- В каждом случае алкоголизма есть какое-то основание, - сказал он неожиданно.
- Может быть, может быть, - рассеянно ответил я. - Но вы, например, отчего вы пьете?
- От огорчения, - сказал он. - Моя жена презирает меня, она научила моих детей презирать меня, и единственный смысл моего существования для них это, что я даю им деньги. Я не могу этого вынести и вечером ухожу из дому. Я знаю, что все потеряно.
Я смотрел на его залитый грязью костюм, ссадины на лице, сиротливые, маленькие глаза под беретом.
- Я думаю, что уже ничего нельзя сделать, - сказал я.
Я знал в этом кафе всех женщин, проводивших там долгие часы. Среди них бывали самые разнообразные типы, но они сохраняли свою индивидуальность только в начале карьеры, затем, через несколько месяцев, усвоив профессию, становились совершенно похожими на всех других. Большинство было из горничных, - но бывали исключения - продавщицы, стенографистки, довольно редко кухарки и даже одна бывшая владелица небольшого гастрономического магазина, историю которой знали все: она застраховала его на крупную сумму, потом подожгла, и так неловко, что страховое общество отказалось ей заплатить; в результате магазин сгорел, а денег она не получила. И тогда они с мужем решили, что она будет пока что работать именно таким образом, а потом они опять что-нибудь откроют.
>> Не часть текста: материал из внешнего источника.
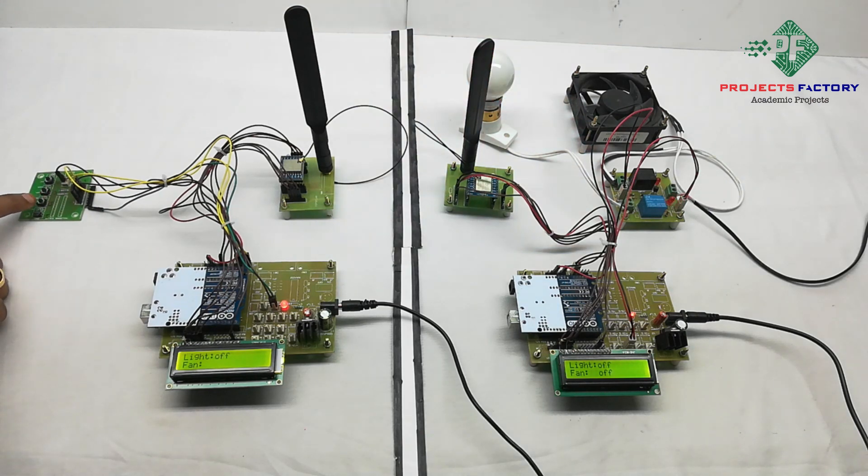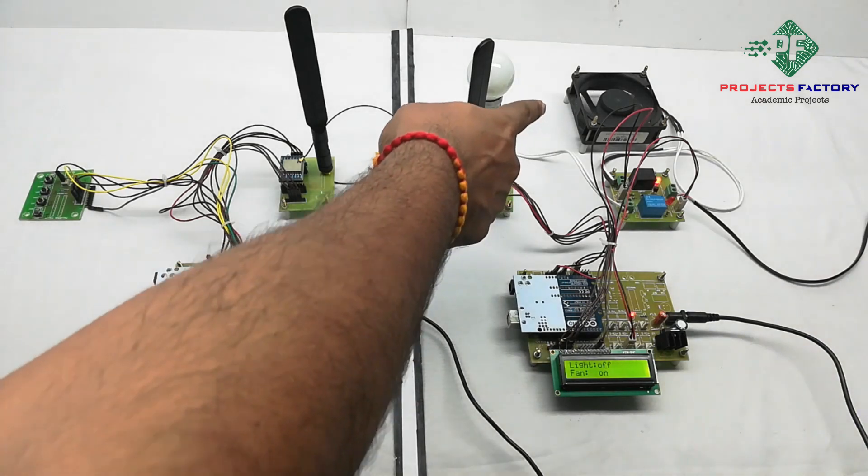Light off. Fan on. You can see here, fan on.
Это была довольно красивая женщина лет тридцати; но ремесло это настолько захватило ее, что уже через год разговоры о том, что она опять откроет магазин, совершенно прекратились, тем более что она нашла постоянного клиента, почтенного и обеспеченного человека, который делал ей подарки и считал своей второй женой; он выходил с ней в субботу и в среду вечером, два раза в неделю, и потому в эти дни она не работала. Моей постоянной соседкой по стойке была Сюзанна, маленькая и густо раскрашенная белокурая женщина, очень склонная к особенно роскошным платьям, браслетам и кольцам; один передний зуб в верхней челюсти она сделала себе золотым, и это так нравилось ей, что она поминутно смотрелась в свое маленькое зеркальце, по-собачьи поднимая верхнюю губу.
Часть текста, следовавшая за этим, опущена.